Gaddafi reacted with barbaric brutality, launching a merciless war against his own countrymen. We know his fate, we watched it on TV. His son, Saif, for all his bluster and threats to fight to the last bullet, looked at the cameras with frightened eyes, after his capture. Tyrants are no different from their citizens; in the end we are all fragile sacks of meat and bone; though few seem to remember that when they are in power.
Assad clings on in Syria, but the writing is already on the wall for him. In a recent interview, he promised that elections would be held next year, and those who are unhappy with him could vote for someone else. He did not mention that the election would be rigged and the people’s will be thwarted.
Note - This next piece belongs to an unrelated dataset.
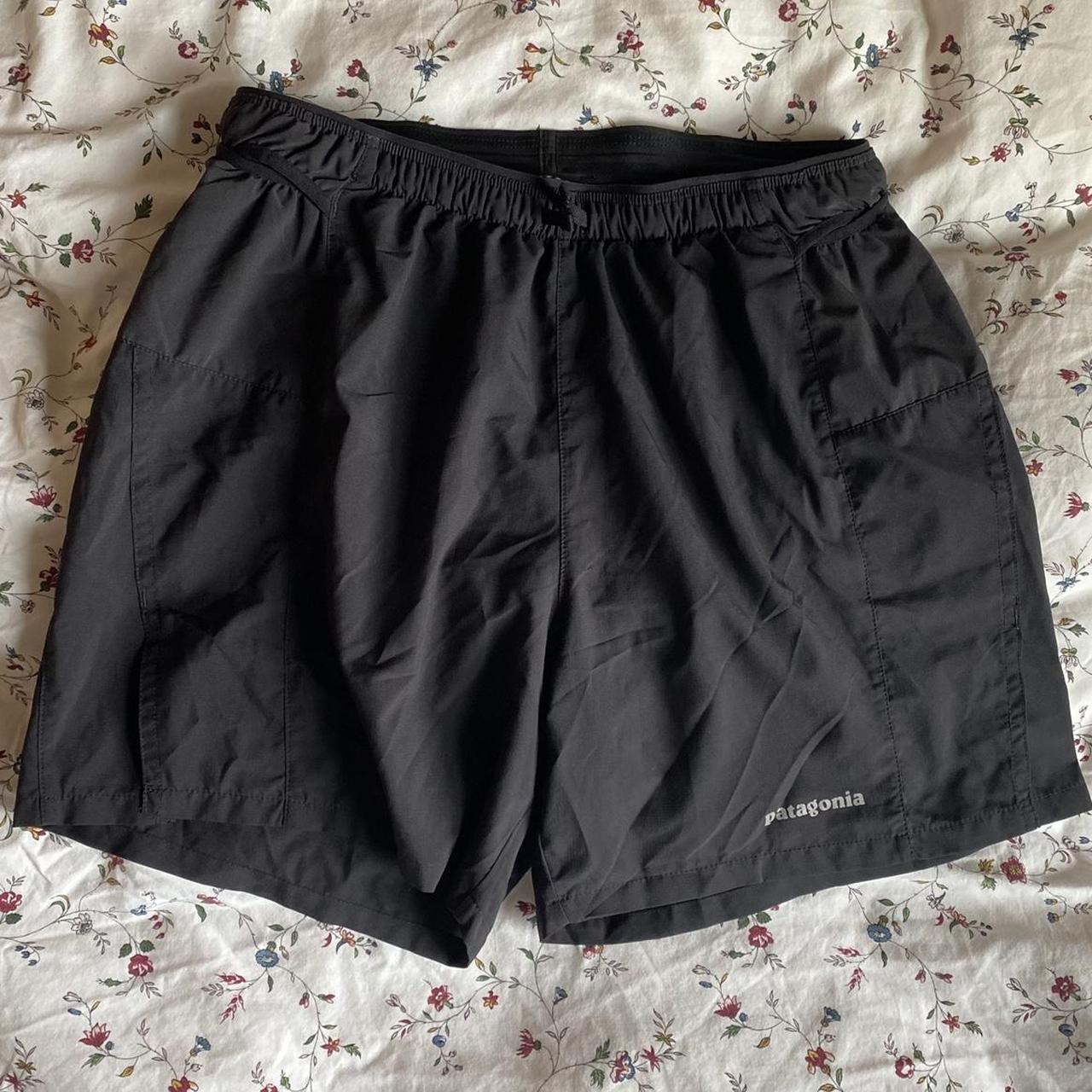 Patagonia black sports shorts with zip up pocket for... - Depop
This is the usual refuge of dictators everywhere; offer an election, then rig it. Syrians did not believe him, of course, the protests go on, and young Syrians continue to bleed and die on the streets of Damascus, the sidewalks of Homs and in Syria’s other ancient cities.
Demonstrations are a pressure valve and part of Democracy
Demonstrations are a necessary part of Democracy and for that they should be allowed, whether it is in Damascus, in London, or in Kuala Lumpur. Elections are limited means for citizens to show dissatisfaction, and they come only every four or five years. Even governments that are freely and fairly elected should not be allowed to win an election and then do whatever they like for half a decade.
There must be ways for citizens to show their discontent. Demonstrations also function as a pressure valve and allow people to have their say while allowing the government to listen.
The duty of the police force should be to the nation, and not to any individual party. Their job is to facilitate peaceful demonstrations by directing traffic and protecting the participants. In Malaysia, regrettably, the BN government is neither freely nor fairly elected, and the police force is wont to act like the BN’s hired goons.
Trying to fool the people again
In this environment, it becomes even more critical that the people’s rights under the constitution is not stripped away by such misnamed legislation as the ‘Peaceful Assembly Act’ that Najib is planning to spring on Parliament. Nor should Najib, if he has at all any sense of decency, continue to try to fool the people with the pretense that he is giving them back their freedoms.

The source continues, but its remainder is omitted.